Which do you think would be the best choice for hogs? Which would have the most stopping power at about 100 to 350 yards. Really I just want to know which of these two calibers will smack a hog the hardest at a medium to long range.
Any help would be great.


----------



## jackal_727 (Jul 12, 2007)

I have no personal experience with the .270, but I do with the .308, and can say for certain that it will knock a pig in the dirt no problem. The .270 should have the same effect as well. Both guns are plenty for shootin hogs at that range.
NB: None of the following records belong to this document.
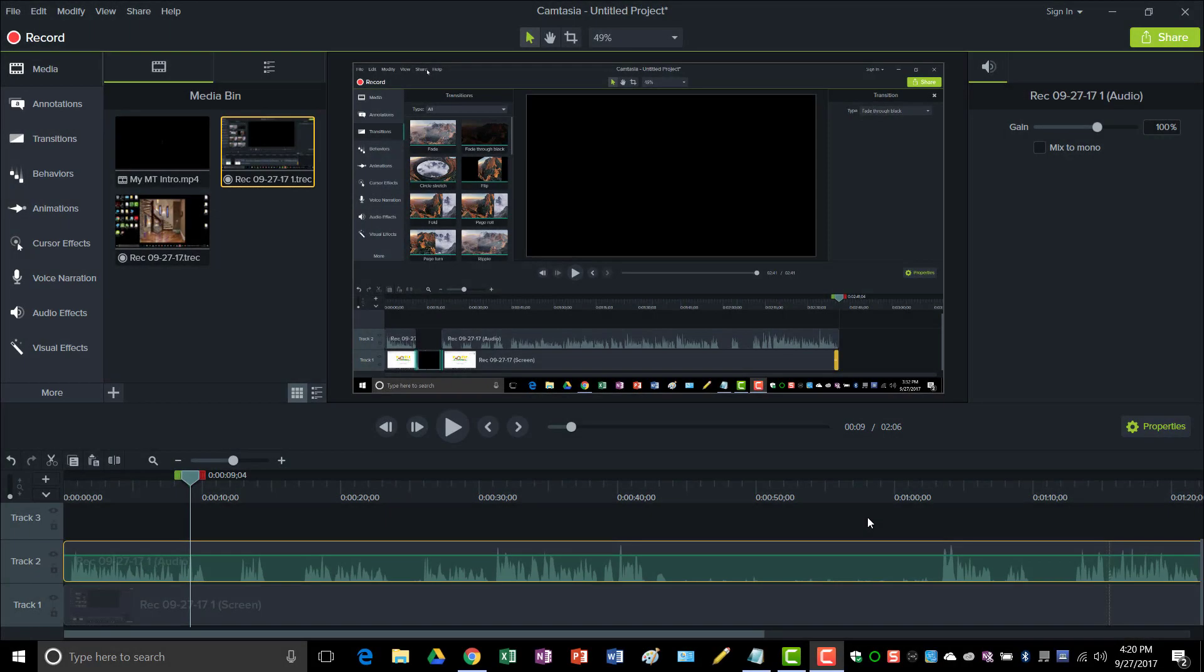What's up people, it's Mark with McGuire's Tutorials. I want to shoot a quick video to show you how I save my videos with Camtasia Studio 9 in MP4 format once I finish editing my videos.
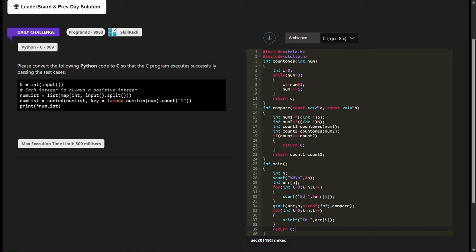The compare function serves as the comparator function for the sorting algorithm. It takes two integers as input and compares their counts of set bits.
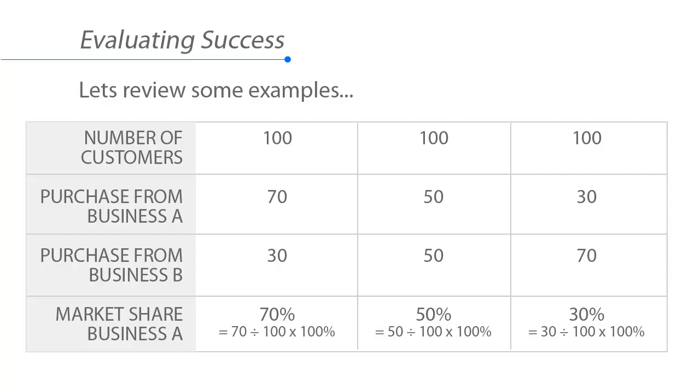If 30 of the 100 customers purchase from business A and 70 purchase from business B, then the market share for business A is 30%: 30 divided by 100 times 100%.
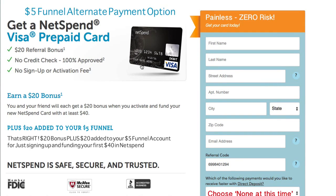What's cool about that is now they've got $60 on their NetSpend card. And the very cool thing is NetSpend is also going to give $5 funnel $20, and $5 funnel is going to use that $20 to fund their subscription — which means we're giving it right back to them. So they're getting a free $40.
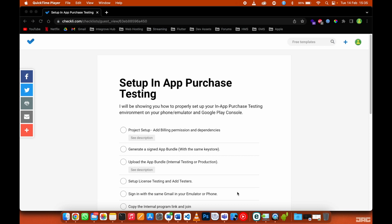I've been wondering why products are not showing in your app, so in today's video I'll be showing you how to properly set up your in-app purchases testing in your phone or emulator, as well as Google Play Console.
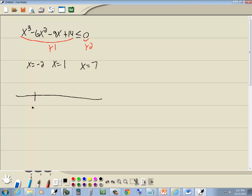Now here's negative 2, here's 1, and here's 7. Over here is negative infinity, over here is positive infinity. These split them into intervals.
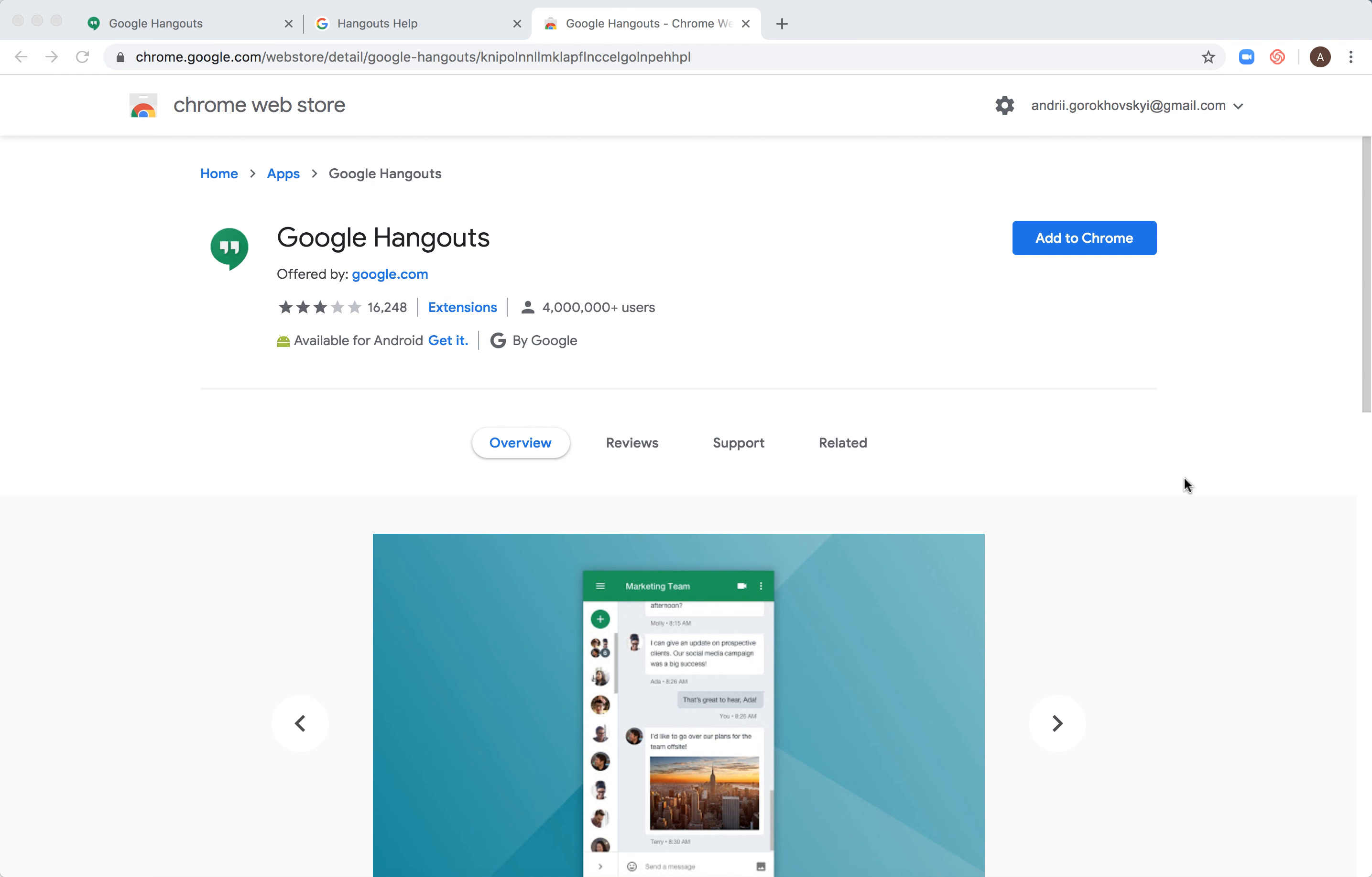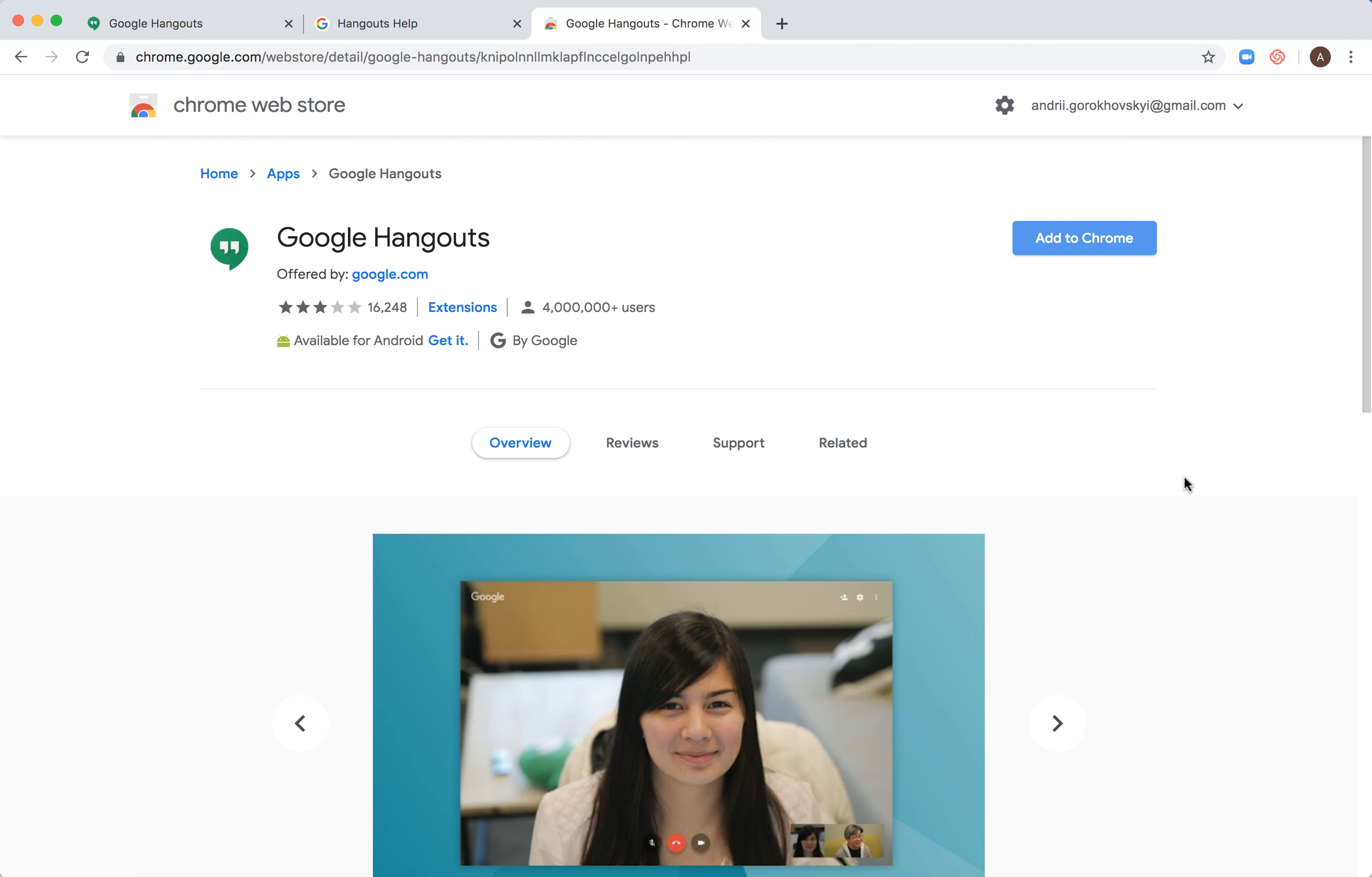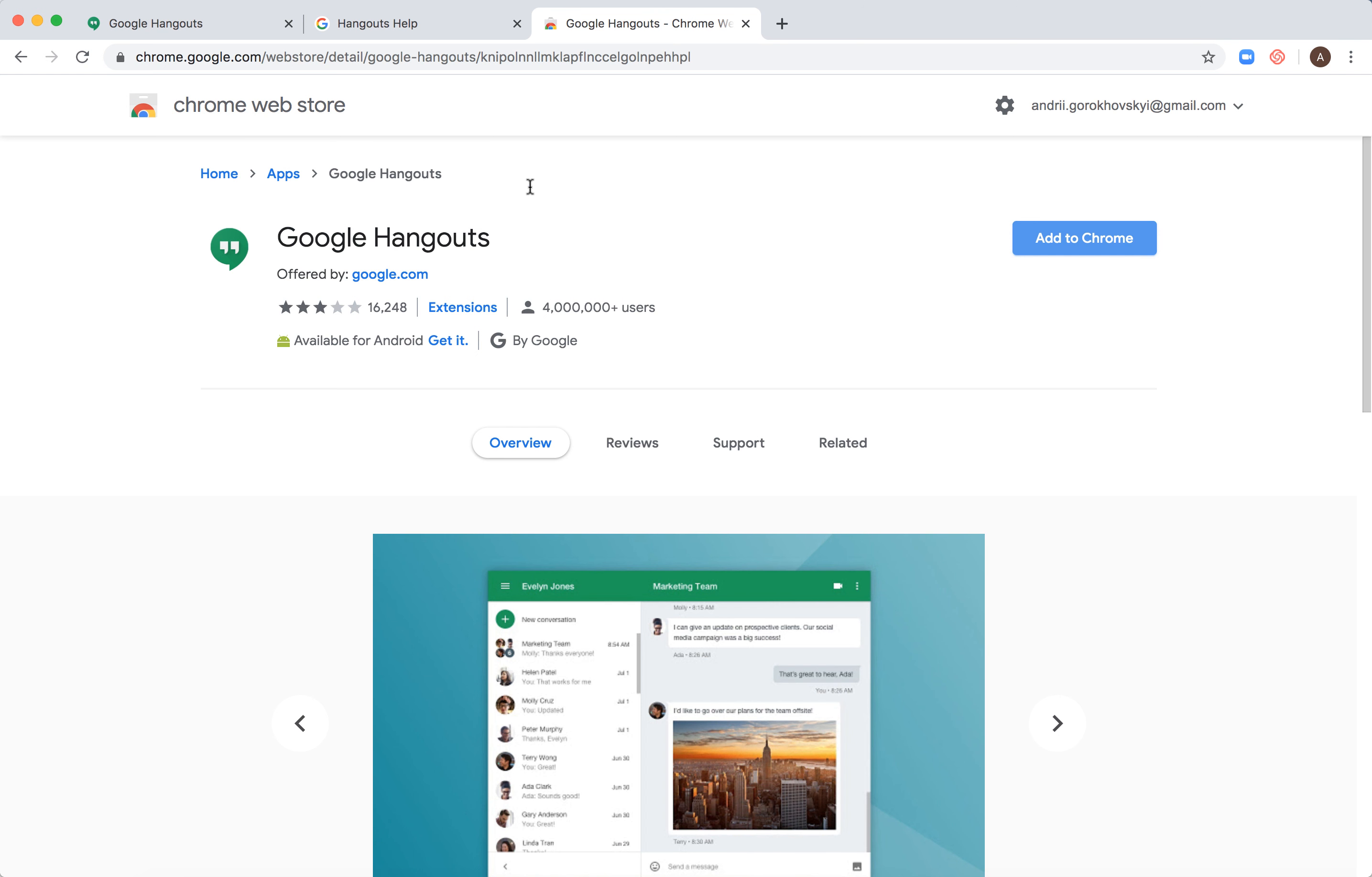Hello everyone, so how to install Google Hangouts Chrome extension. Basically, just go to Chrome Web Store or just type in Google Hangouts extension. Then you need to be logged into your Google account in Chrome.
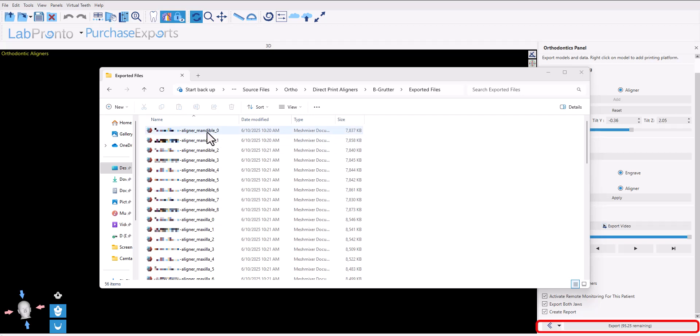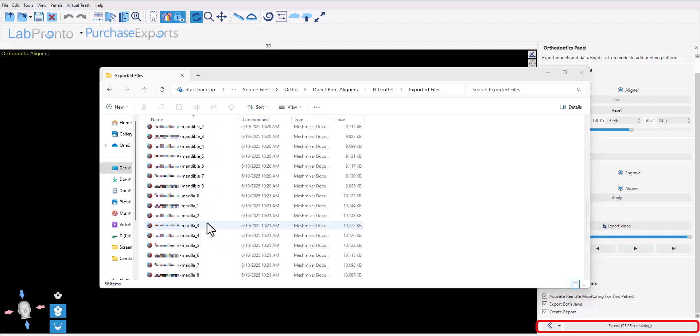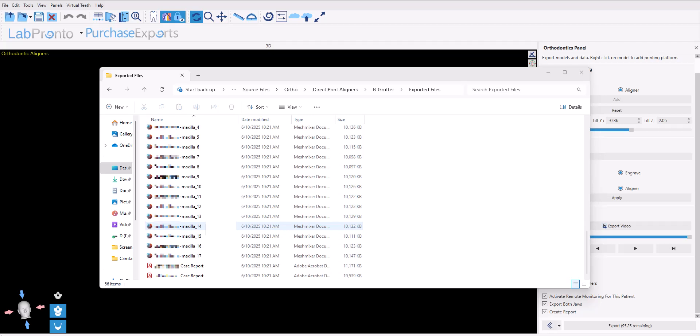The relevant files will be exported to your computer. You can see in the exported files folder you have the aligners for the mandible, the aligners for the maxilla, the models for the mandible, and the models for the maxilla, all exported to the same folder including the case report for the case.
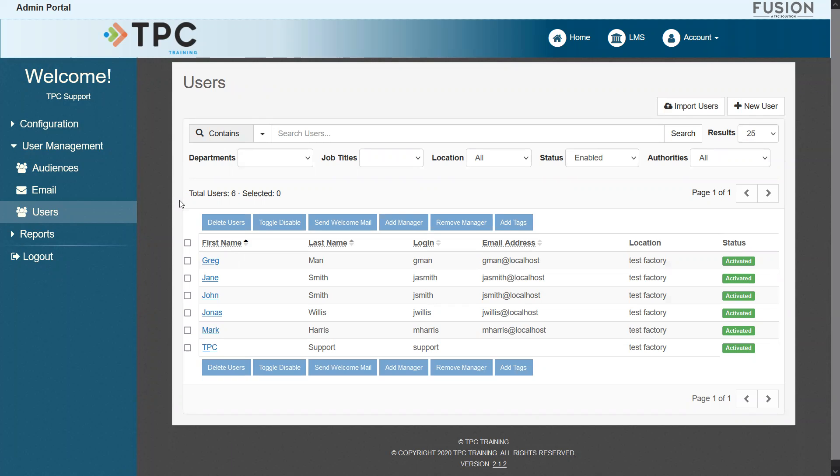Whichever option you choose, I hope that you'll now find it easy to get new accounts added in. Thank you for watching, and have a great day.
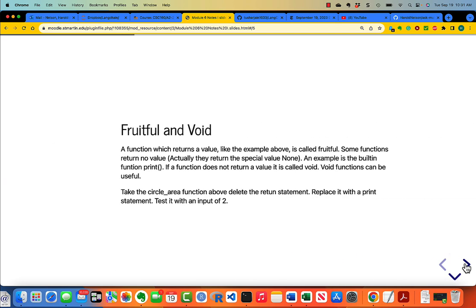We have to distinguish between fruitful and void functions. If a function doesn't have a return statement, it will return something, but it is the value none. I want you to take circle_area above, delete the return statement, replace it with a print statement, and test it with an input of 2.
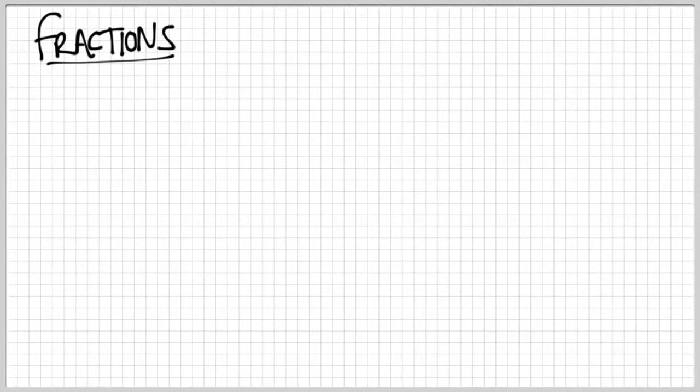Hello, Mr. Thompson here with a video math lesson. I'm going to talk about fractions — good old fractions. I'll talk a little bit about what fractions are, but mostly using them in operations like adding, subtracting, multiplying, and dividing.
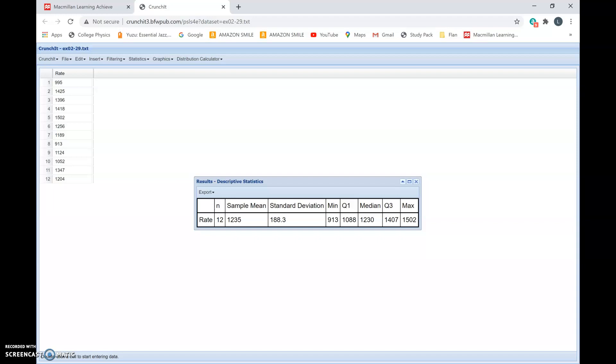If the distribution is symmetric, we can describe the distribution by using just two numbers, which is the mean and the standard deviation. So for a symmetric distribution, we need just the mean, which represents the center, and the standard deviation s, which represents the spread. It measures the spread of the data, and that is 188.3.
How often do you shoot at hogs that far out though? Not that I havent, but most of the shots I take are rarely any farther than 100 yards. Unless I just happen to come across some in a clearcut.


----------



## GRUNTER HUNTER (Aug 9, 2007)

i do a lot of shooting over crops, thats the reason for needing the range.


----------



## GRUNTER HUNTER (Aug 9, 2007)

sorry guys, forgot to add a poll.


----------



## GRUNTER HUNTER (Aug 9, 2007)

Its looking like .308


----------



## gentleman4561 (Jul 16, 2007)

i like using a 44. mag when hunting with a pistol and a 12 guage when not but i am going to have to vote for the 308. it will knock down a hog the 270. is good to though


----------



## magnum44270 (Jul 20, 2007)

either will do wonders on a hogs vitals.

im a .270 fan so i would go with that....


----------



## 308 (Jul 10, 2007)

either will drop em i just like the 308 :beer:


----------



## mossy512 (Jan 7, 2006)

Both guns are more than enough for the pig and the range. I vote for the .308 because I just like the big bore and option for bigger bullets. I like that extra for shock power big hit. Besodes that if its good enough for the Army and the Marines its good enough for me. :sniper: :sniper:


----------



## top dog (Jan 18, 2007)

I just ordered a DPMS Panther LR-308 with 2 - 19 round clips today!!!
I plan to kill a whole herd of hogs with it. So, I guess I'm voting for the .308


----------